• _EXERCISE GOAL_:
Skip the images and repeat every entry word for word.

• _INFORMATION GIVEN_:

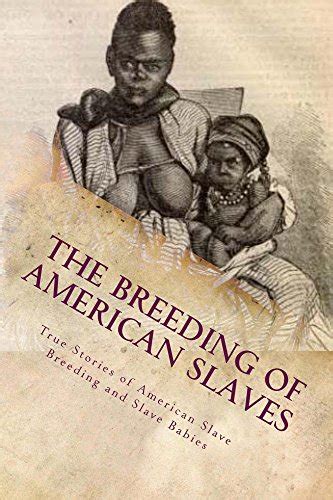 The Breeding Of American Slaves Ebook Ashley Stephen Ashley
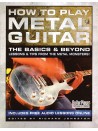 How to Play Metal Guitar: the Basics & Beyond (libro/Audio Online)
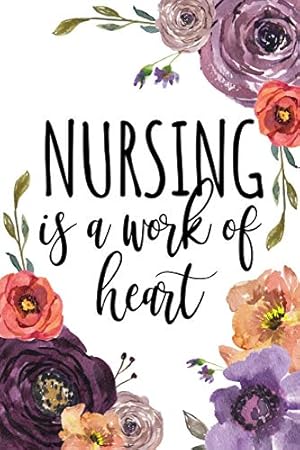 Seller image for Nursing Is A Work Of Heart: Nurse Graduation Gift, Gifts for Nurses, Nurse Notebook, Nurse Notepad, Nurse Appreciation Gifts, Nursing Student . RN Gifts, LPN Gifts, Nurse Gift, Notebook 6x9 for sale by Reliant Bookstore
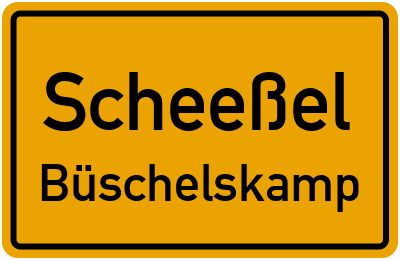Ortsschild Scheeßel Büschelskamp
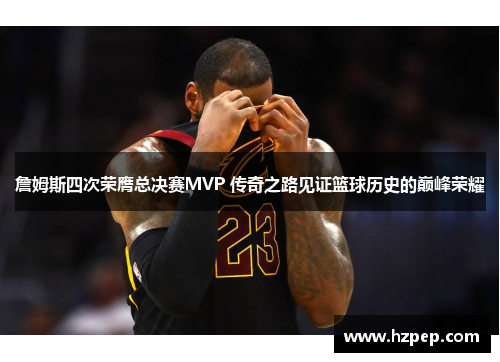 詹姆斯四次荣膺总决赛MVP 传奇之路见证篮球历史的巅峰荣耀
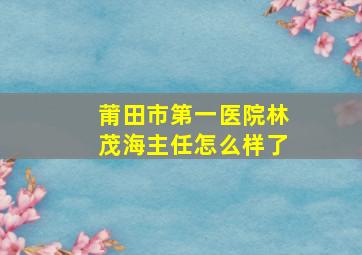 莆田市第一医院林茂海主任怎么样了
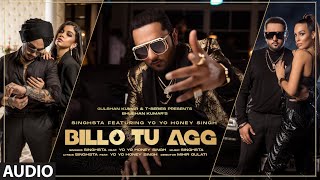 Billo Tu Agg Official Audio Song  Singhsta Feat Yo Yo Honey Singh  Bhushan Kumar  Mihir Gulati [upl. by Ahsaenat593]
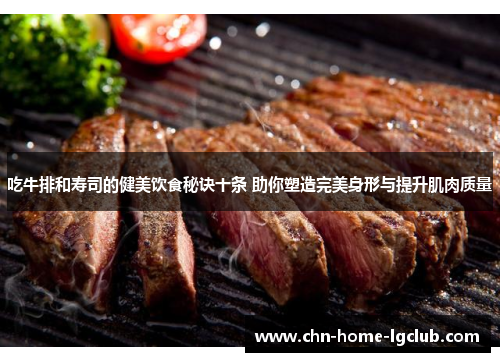 吃牛排和寿司的健美饮食秘诀十条 助你塑造完美身形与提升肌肉质量 吃牛排和寿司的健美饮食秘诀十条 助你塑造完美身形与提升肌肉质量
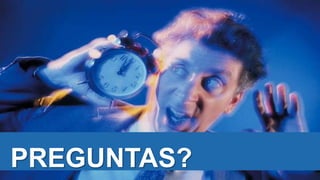 PREGUNTAS?
 
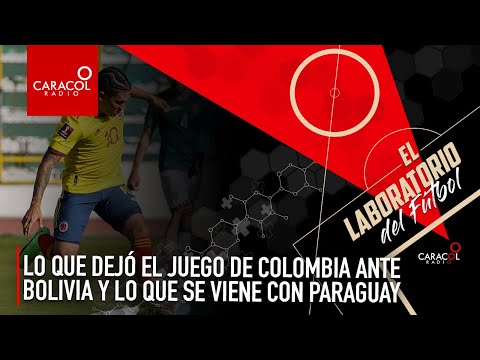 Lo que dejó el juego Colombia Vs. Bolivia y lo que se viene ante Paraguay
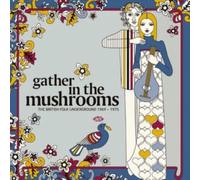 Gather In The Mushrooms - The British Folk Underground 1969-1975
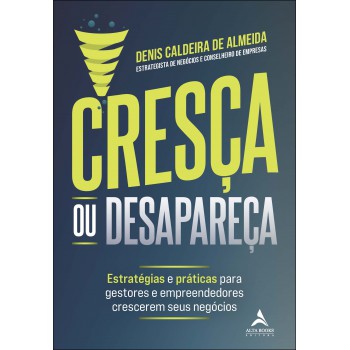 Cresça Ou Desapareça: Estratégias E Práticas Para Gestores E Empreendedores Crescerem Seus Neg-cios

• _RESULT_:
 The Breeding Of American Slaves Ebook Ashley Stephen Ashley
 How to Play Metal Guitar: the Basics & Beyond (libro/Audio Online)
 Seller image for Nursing Is A Work Of Heart: Nurse Graduation Gift, Gifts for Nurses, Nurse Notebook, Nurse Notepad, Nurse Appreciation Gifts, Nursing Student . RN Gifts, LPN Gifts, Nurse Gift, Notebook 6x9 for sale by Reliant Bookstore
Ortsschild Scheeßel Büschelskamp
 詹姆斯四次荣膺总决赛MVP 传奇之路见证篮球历史的巅峰荣耀
 莆田市第一医院林茂海主任怎么样了
 Billo Tu Agg Official Audio Song  Singhsta Feat Yo Yo Honey Singh  Bhushan Kumar  Mihir Gulati [upl. by Ahsaenat593]
 吃牛排和寿司的健美饮食秘诀十条 助你塑造完美身形与提升肌肉质量 吃牛排和寿司的健美饮食秘诀十条 助你塑造完美身形与提升肌肉质量
 PREGUNTAS?
 
 Lo que dejó el juego Colombia Vs. Bolivia y lo que se viene ante Paraguay
 Gather In The Mushrooms - The British Folk Underground 1969-1975
 Cresça Ou Desapareça: Estratégias E Práticas Para Gestores E Empreendedores Crescerem Seus Neg-cios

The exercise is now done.